5 days later, Google rejected the appeal:
Google has reviewed your site in response to your reconsideration request. Based on this review, Google believes that your site still violates Google Webmaster Guidelines. To resolve all manual actions, review your site again, correct the necessary items, and file another reconsideration request.
I knew I was in for it and needed to do more.
The aggressive approach
Trying to fish out the problem, I did a random check on my theme files and found a code I knew I didn’t add. I did a complete cleanup and checked every other theme files. Other sites on my VPS too were infected. I wasn’t sure this was the cause of my problem though. I also found some strange files in my /wp-includes/ folder and deleted them. I then re-installed WordPress, overwriting possibly infected core files.
Next, I deleted the site’s store section completely. I used product descriptions directly from the manufacturer’s website. I had the intention of changing these when I was done designing the store but I never did. This might have led to a “copied content” penalty.
There was a gadgets specifications section on the site too and I axed it. Each gadget only has specifications (that could be seen everywhere online) with affiliate links pointing to ecommerce websites. This was mentioned in the orginal penalty message.
There was a forum too with user-generated content. Though I’m not completely sure this posed any problem, the aggressive approach led me to delete the whole forum. I thought some pages on the forum were too shallow and I didn’t want to appeal a third time.
Some of these decisions were tough to make, but I had to do it anyway. I was losing traffic and money. I then sent a detailed, well-composed reconsideration request on the 19th of January.
We have been able to identify the root cause of the issue. We seem to have more than one problem on the website which have all been fixed now.
- Our template was infected with some malicious codes which we have cleaned up. We’ve done a re-install of the whole site too, overwriting possibly infected core files.
- We have a forum with thin, user-generated contents and we have deleted the whole forum permanently.

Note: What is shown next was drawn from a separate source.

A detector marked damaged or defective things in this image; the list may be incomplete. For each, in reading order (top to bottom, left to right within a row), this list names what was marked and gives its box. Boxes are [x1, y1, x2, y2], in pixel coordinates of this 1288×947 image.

- The gadgets specifications section of the website too has thin content with affiliate links pointing to shopping sites. We have deleted the gadgets specifications pages permanently.

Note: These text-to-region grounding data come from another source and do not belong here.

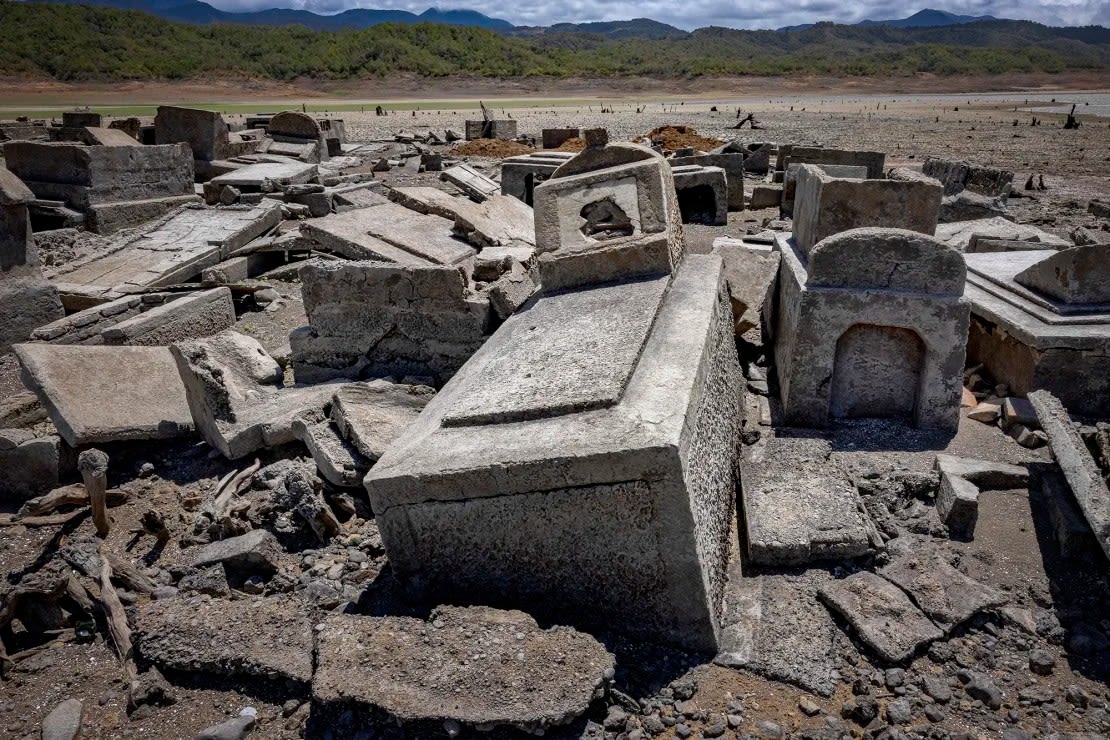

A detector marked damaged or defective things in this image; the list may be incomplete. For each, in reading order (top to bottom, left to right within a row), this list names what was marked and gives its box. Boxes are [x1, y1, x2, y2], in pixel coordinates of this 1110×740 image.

broken concrete slab [710, 237, 781, 335]
broken concrete slab [14, 343, 192, 445]
broken concrete slab [168, 328, 339, 457]
broken concrete slab [326, 381, 430, 463]
broken concrete slab [368, 255, 741, 652]
broken concrete slab [745, 437, 874, 563]
broken concrete slab [1025, 390, 1110, 559]
broken concrete slab [133, 594, 313, 687]
broken concrete slab [313, 607, 612, 736]
broken concrete slab [714, 563, 834, 696]
broken concrete slab [821, 572, 941, 665]
broken concrete slab [879, 539, 1012, 630] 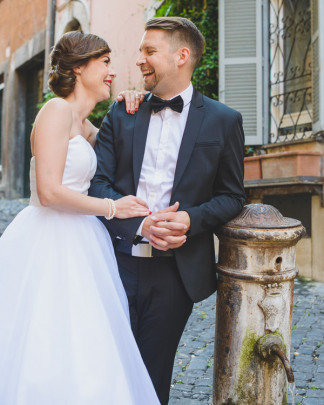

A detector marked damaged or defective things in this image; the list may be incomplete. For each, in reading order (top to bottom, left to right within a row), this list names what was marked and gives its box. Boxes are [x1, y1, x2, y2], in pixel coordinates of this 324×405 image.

rusty metal post [214, 204, 306, 402] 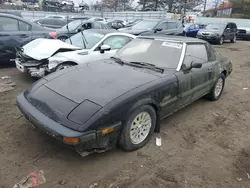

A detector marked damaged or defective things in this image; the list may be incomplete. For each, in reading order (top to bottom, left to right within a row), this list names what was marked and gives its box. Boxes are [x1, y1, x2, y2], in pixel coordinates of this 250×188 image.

crumpled car hood [22, 38, 81, 60]
damaged white car [15, 29, 137, 78] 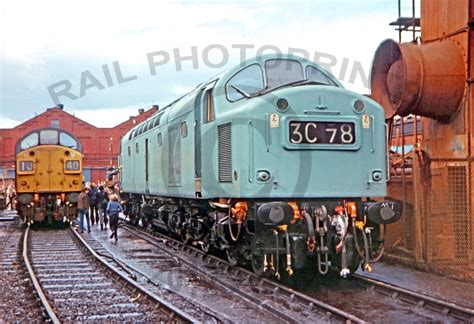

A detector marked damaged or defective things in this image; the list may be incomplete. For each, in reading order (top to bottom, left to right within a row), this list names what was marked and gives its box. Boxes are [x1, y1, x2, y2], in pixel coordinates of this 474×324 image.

rusty metal structure [372, 0, 474, 278]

- We have a store too with all product descriptions taken directly from the manufacturer’s website, leading to duplicate content. We’ve removed the store until we are able to write our own products descriptions.
- Tags, author archives and date archives often duplicate site content internally and we have disabled these. They now return 404.
- Member profile pages offer no significant content and we have disabled these as well.
- We have reviewed our old contents dating back to 2009. We’ve been able to determine those that might be considered ‘thin’ and duly removed them.
With all these steps taken to ensure compliance with Google’s Webmaster guidelines, we do hope that our site is reconsidered. Thanks.
I kept my fingers crossed and 6 days after I sent the request, the penalty was lifted and got this message:
The penalty was eventually removed. Although the site’s ranking isn’t fully back, it’s normal as it may take up to a week before everything goes back to how it was.
From my two experiences with manual webspam penalties, Google really wants to know what you have done to rectify the problem. Google wants to see that you know exactly what you did to deserve the hammer.